Ariel Center for
Policy Research

A JOURNAL OF POLITICS AND THE ARTS

 

NATIV   ■   Volume Twelve   ■   Number 2 (67)  ■  March 1999   ■  Ariel Center for Policy Research

 

SYNOPSIS

 


Bi-National Realities versus National Mythologies:
The Death of the Two-States Solution

Ilan Pappe

This article examines the options for the establishment of an independent Palestinian state in the post-Oslo reality. It assumes that the chances for such a state to survive and indeed come into a meaningful being should be examined on two different levels.

One is that of balance of power. There is little hope for genuine Palestinian sovereignty and control over a future state. The balance of power in which the Israelis are the stronger party, is a sacrosanct precondition both to the Labor and Likud parties; hence its maintenance is a precondition for any settlement agreed upon by either the Right or the Left in Israel. This article describes what constitutes for the Israeli Jewish "Center", the maximum boundaries and level of independence of a future Palestinian state. It concludes that these concessions do not amount to a political entity that can be defined as a state in any reasonable and acceptable meaning.

The second level on which the likelihood of a state is examined is that of collective cohesiveness as a precondition for the establishment of two viable political entities, such as states, between the Jordan River and the Mediterranean. The article claims that the obfuscation of collective identities both in the Israeli and Palestinian cases is going to be highly increased in the very near future.

Neither the Jews nor the Palestinians in Israel satisfy, in the post-Oslo reality, any reasonable definition of a collective. There is no territorial integrity of either society in the new reality and the enormity of the task of making it into two coherent territorial entities, could very well tear both societies apart.

A collective identity can be defined by citizenship as well. On the Palestinian side, even in a most generous Israeli consent, say under a Labor government, the Palestinian citizenry would include only a third of the Palestinians in the world, with an Israeli veto of the other two thirds from becoming Palestinian citizens (either because they would be regarded as Israeli citizens or refugees who are citizens of other countries).

One can argue that a collective identity based on citizenship in Israel is less vague. But in fact it is vague enough to challenge the integrity of the state. The potential Israeli citizenship granted to every Jew in the world on one hand, and the discriminations inflicted upon about one million Palestinian citizens in Israel, renders collective identity at best unclear and at worst non-existent.

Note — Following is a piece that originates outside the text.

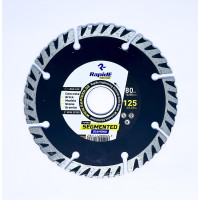 Алмазний диск RapidE TURBO SEGMENT 125 x 22.2 мм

In the Palestinian case, the present political structure is far from representing, in any thinkable respect, the collective national identity of Palestinians. The challenging peripheries groups of the Palestinians enjoy a disintegrative power since Oslo failed to attend to the problems of about half of the Palestinian community in the world.

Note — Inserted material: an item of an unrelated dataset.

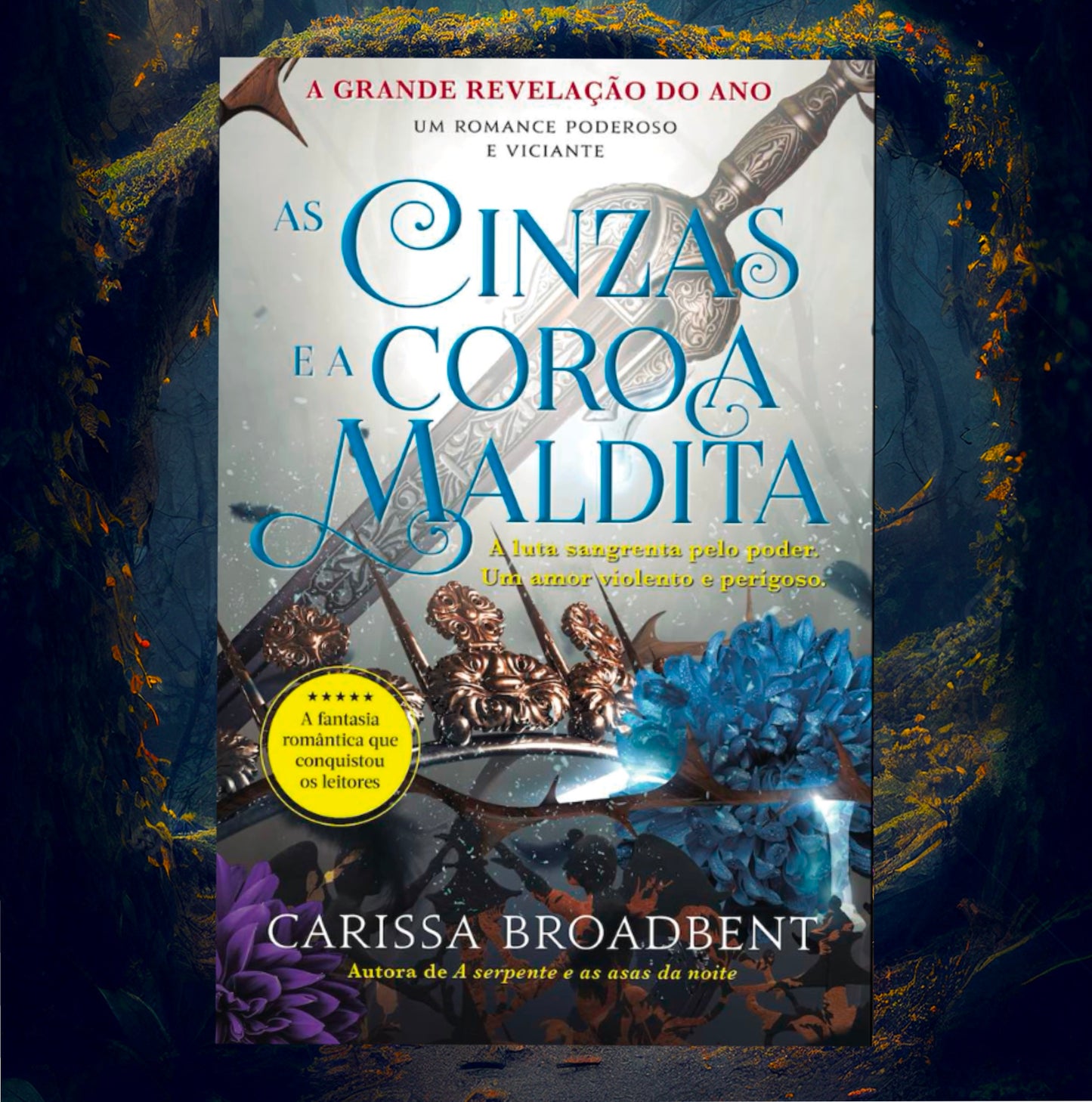 The Ashes and the Star Cursed King - Book 2 of Crowns of Nyaxia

In Israel, as Jewish nationalism is defined by an affiliation to the Jewish religion: secularism, sectarianism, confessionalism and the presence of non-Jewish communities, all render any agreed definition of "Israelism" impossible.

To sum up, if we choose to look at post-Oslo through sociological prisms, there seems at work strong disintegrative trends in both societies. Oslo, not the agreement, but as a reality, by preserving the occupation, accentuates the inadequacy of the political structure. The conventional means for holding a society together seem to be futile in the face of these trends. This is a model for the disintegration of two nation-states -- one already there and one in the making. It can be arrested either by loosing the political structure -- quite a utopian scenario given the present balance of power, or by tightening up the structure, i.e., by making it more dictatorial. A dictatorship on both sides is a feasible option for as long as dictatorships last in an area such as the Middle East. The democratic structure, even its particular Israeli variety (be it a herrenvolk democracy or an ethnic one) is unfit to carry the burden of the post-Oslo, new style occupation and the multifarious fabric of the society living between the Jordan River and the Mediterranean.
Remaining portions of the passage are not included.